Data extracts:
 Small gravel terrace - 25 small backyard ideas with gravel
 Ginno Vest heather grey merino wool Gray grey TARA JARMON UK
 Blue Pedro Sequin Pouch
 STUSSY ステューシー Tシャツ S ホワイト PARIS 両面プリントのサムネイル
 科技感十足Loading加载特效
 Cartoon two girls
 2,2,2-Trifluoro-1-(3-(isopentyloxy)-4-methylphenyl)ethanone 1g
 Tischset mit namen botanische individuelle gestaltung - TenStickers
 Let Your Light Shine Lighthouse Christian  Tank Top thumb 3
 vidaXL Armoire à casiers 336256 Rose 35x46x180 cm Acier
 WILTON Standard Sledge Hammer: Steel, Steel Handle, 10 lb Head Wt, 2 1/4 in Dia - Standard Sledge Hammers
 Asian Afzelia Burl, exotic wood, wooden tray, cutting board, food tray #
--
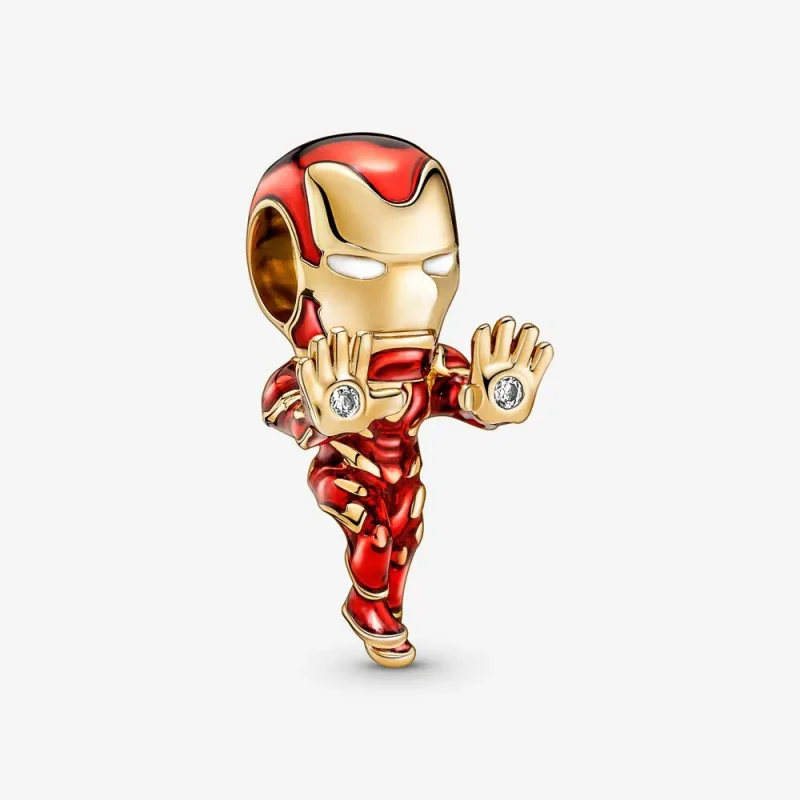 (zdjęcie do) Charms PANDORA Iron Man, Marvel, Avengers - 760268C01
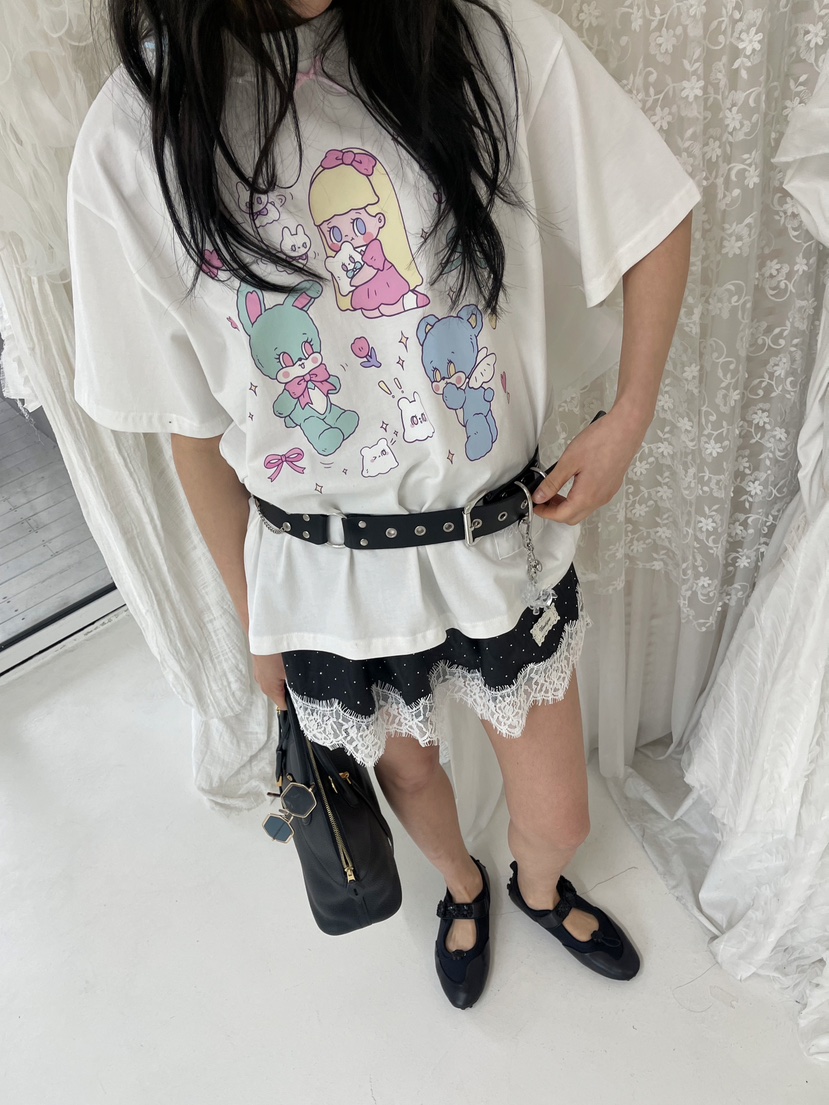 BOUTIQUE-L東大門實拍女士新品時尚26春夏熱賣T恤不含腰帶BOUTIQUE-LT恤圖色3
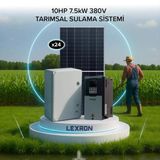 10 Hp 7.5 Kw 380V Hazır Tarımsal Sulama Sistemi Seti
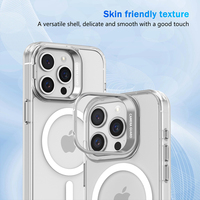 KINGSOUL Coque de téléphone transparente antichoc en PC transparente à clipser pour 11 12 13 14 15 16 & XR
--
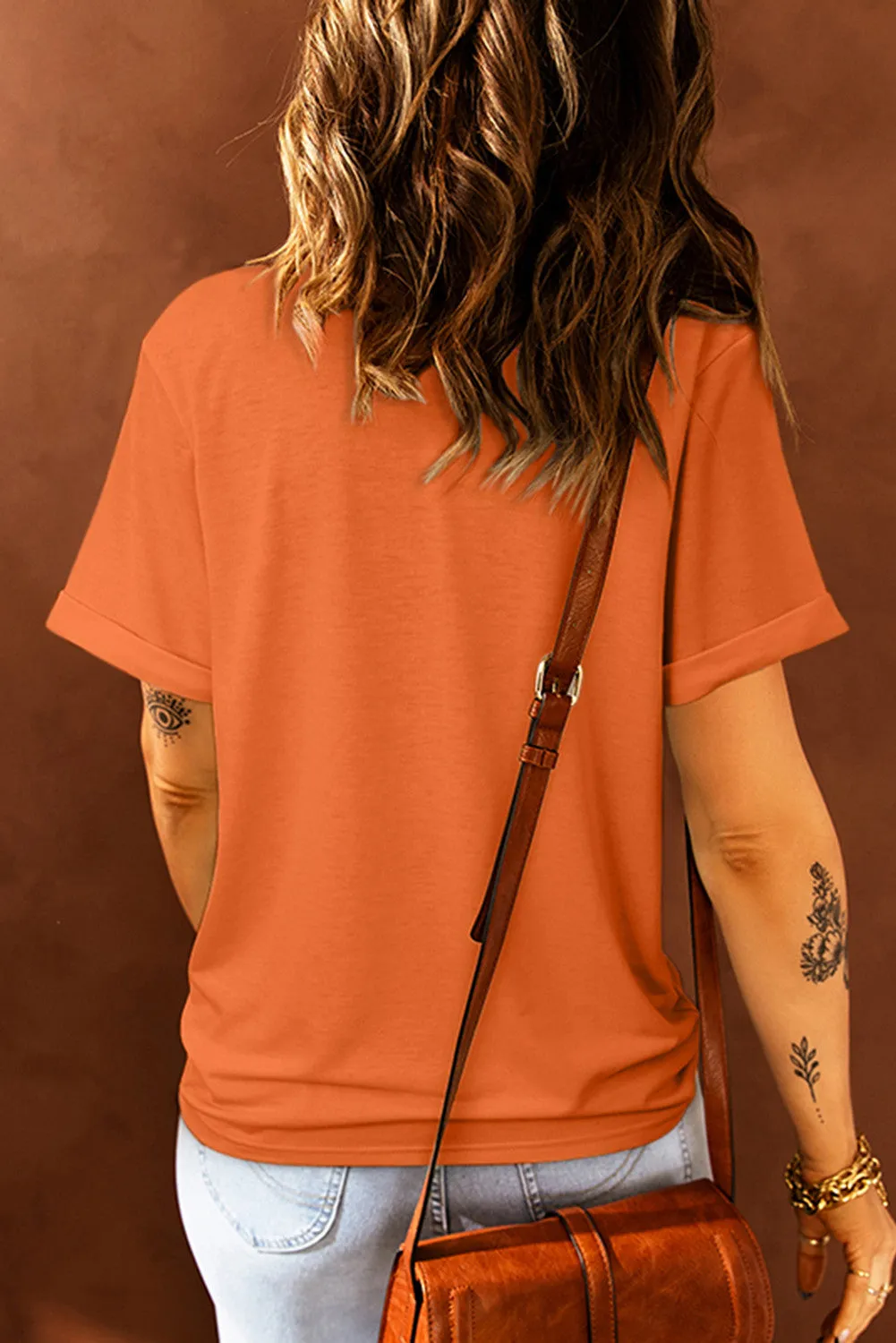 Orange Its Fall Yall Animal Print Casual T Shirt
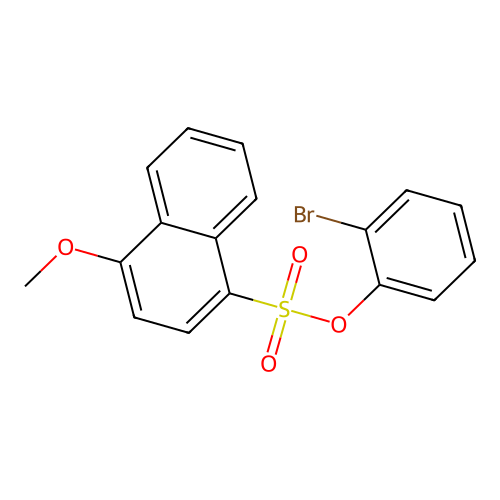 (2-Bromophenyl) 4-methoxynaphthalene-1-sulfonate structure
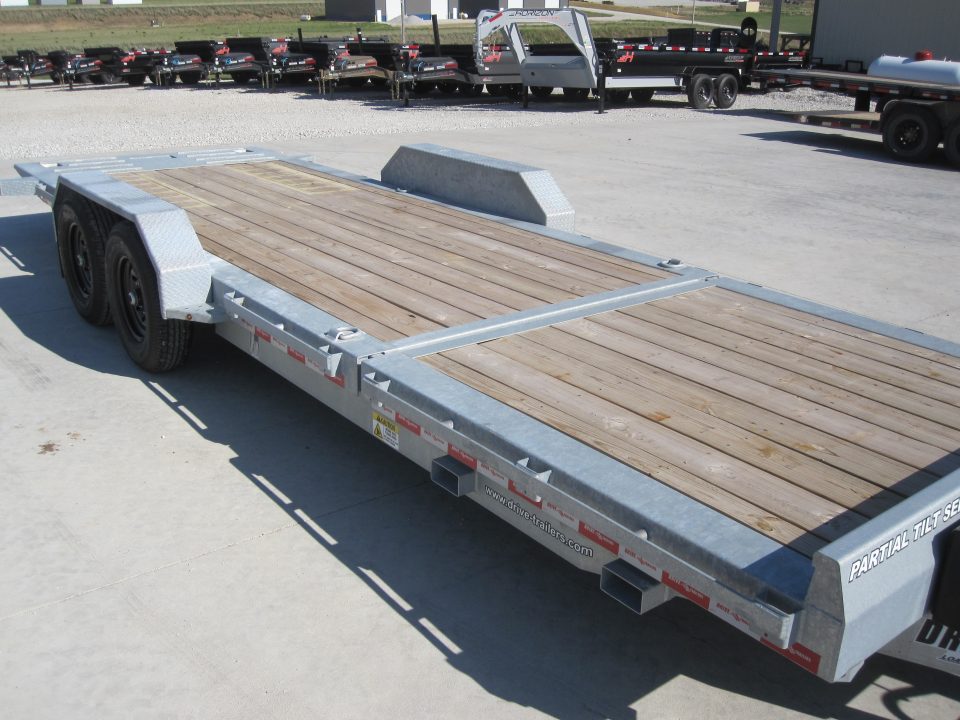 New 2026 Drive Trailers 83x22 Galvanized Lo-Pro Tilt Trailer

Action item: Everything from the line with "Small gravel terrace" through the line with "Tischset mit namen" in the listing above must be retyped exactly, with nothing added.

Answer to this task:
 Small gravel terrace - 25 small backyard ideas with gravel
 Ginno Vest heather grey merino wool Gray grey TARA JARMON UK
 Blue Pedro Sequin Pouch
 STUSSY ステューシー Tシャツ S ホワイト PARIS 両面プリントのサムネイル
 科技感十足Loading加载特效
 Cartoon two girls
 2,2,2-Trifluoro-1-(3-(isopentyloxy)-4-methylphenyl)ethanone 1g
 Tischset mit namen botanische individuelle gestaltung - TenStickers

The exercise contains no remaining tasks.